Task details :: Your answer must be the full listing, word for word, with no images in it.

Data records ::
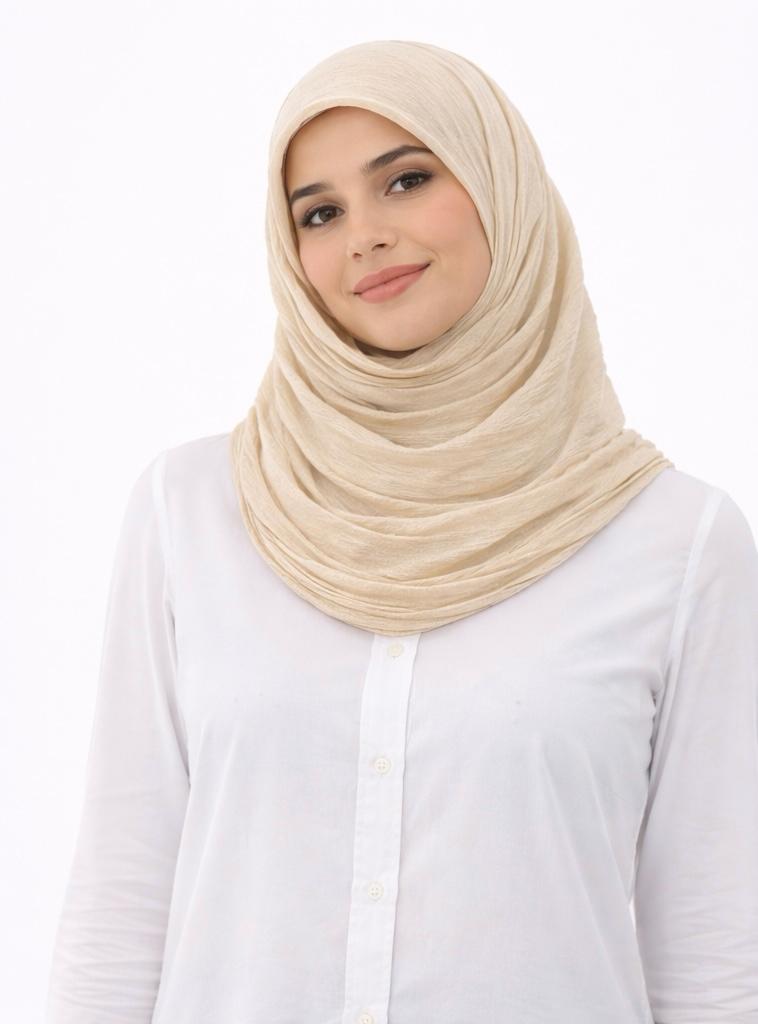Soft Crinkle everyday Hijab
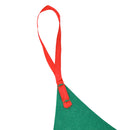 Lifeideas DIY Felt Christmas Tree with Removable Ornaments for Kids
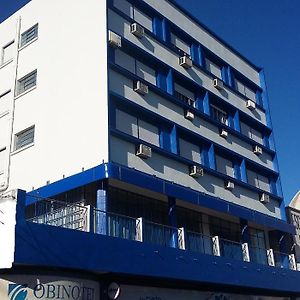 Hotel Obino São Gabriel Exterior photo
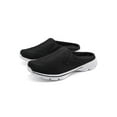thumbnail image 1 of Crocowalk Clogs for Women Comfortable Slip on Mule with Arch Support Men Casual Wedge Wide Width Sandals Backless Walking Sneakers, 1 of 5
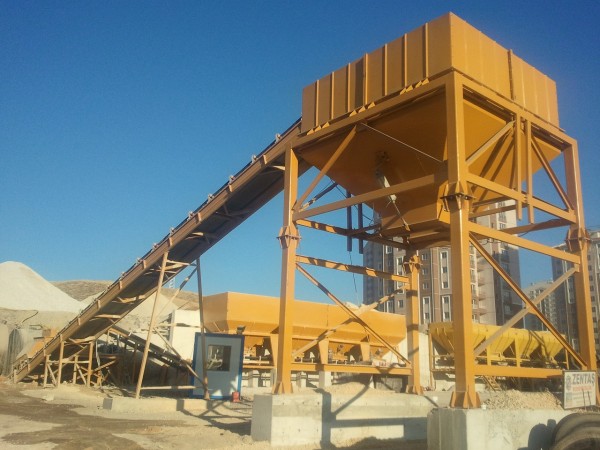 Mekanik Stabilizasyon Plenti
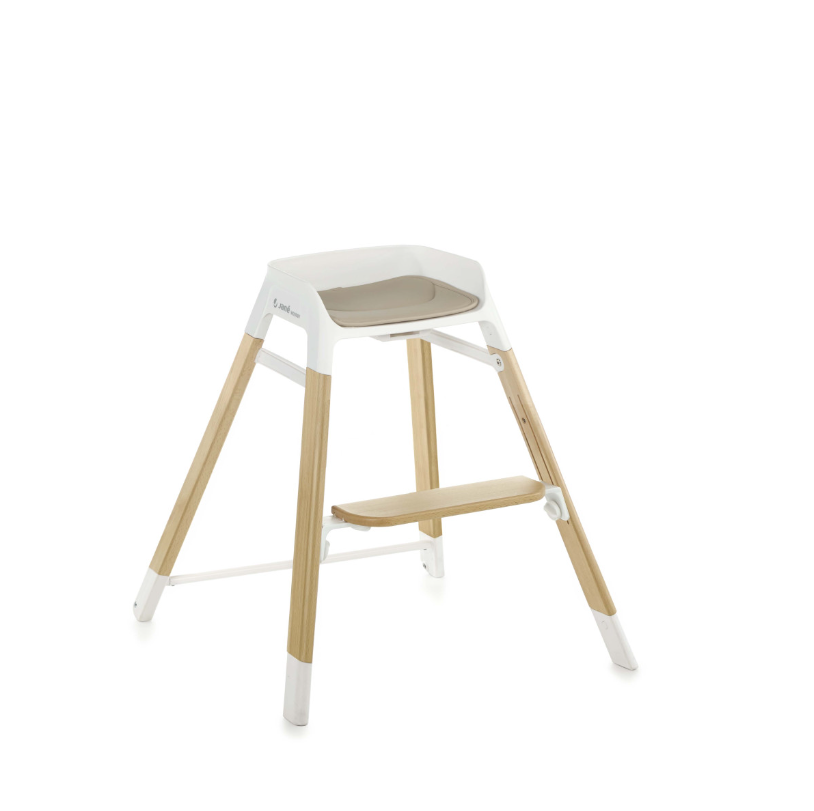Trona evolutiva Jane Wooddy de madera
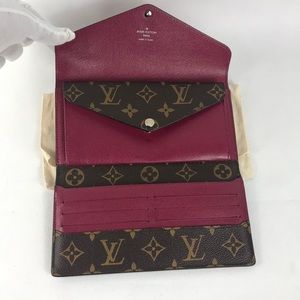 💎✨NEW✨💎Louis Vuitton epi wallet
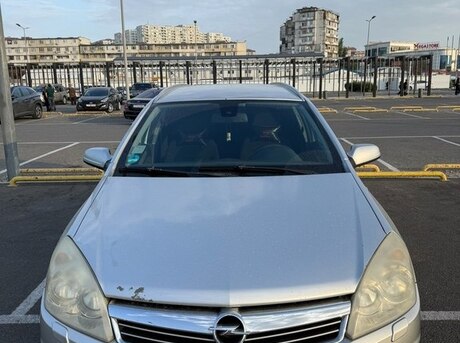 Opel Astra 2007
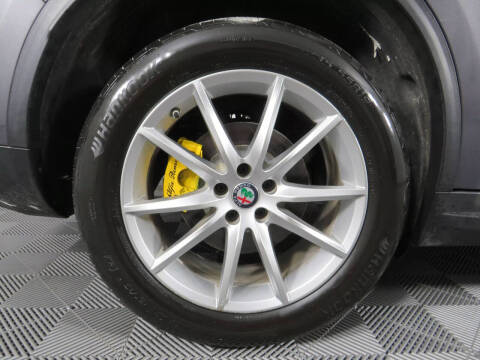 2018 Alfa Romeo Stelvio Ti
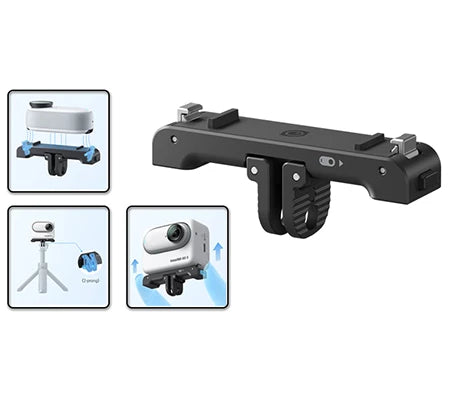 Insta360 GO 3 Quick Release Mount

Output ::
Soft Crinkle everyday Hijab
 Lifeideas DIY Felt Christmas Tree with Removable Ornaments for Kids
 Hotel Obino São Gabriel Exterior photo
thumbnail image 1 of Crocowalk Clogs for Women Comfortable Slip on Mule with Arch Support Men Casual Wedge Wide Width Sandals Backless Walking Sneakers, 1 of 5
 Mekanik Stabilizasyon Plenti
Trona evolutiva Jane Wooddy de madera
 💎✨NEW✨💎Louis Vuitton epi wallet
 Opel Astra 2007
 2018 Alfa Romeo Stelvio Ti
 Insta360 GO 3 Quick Release Mount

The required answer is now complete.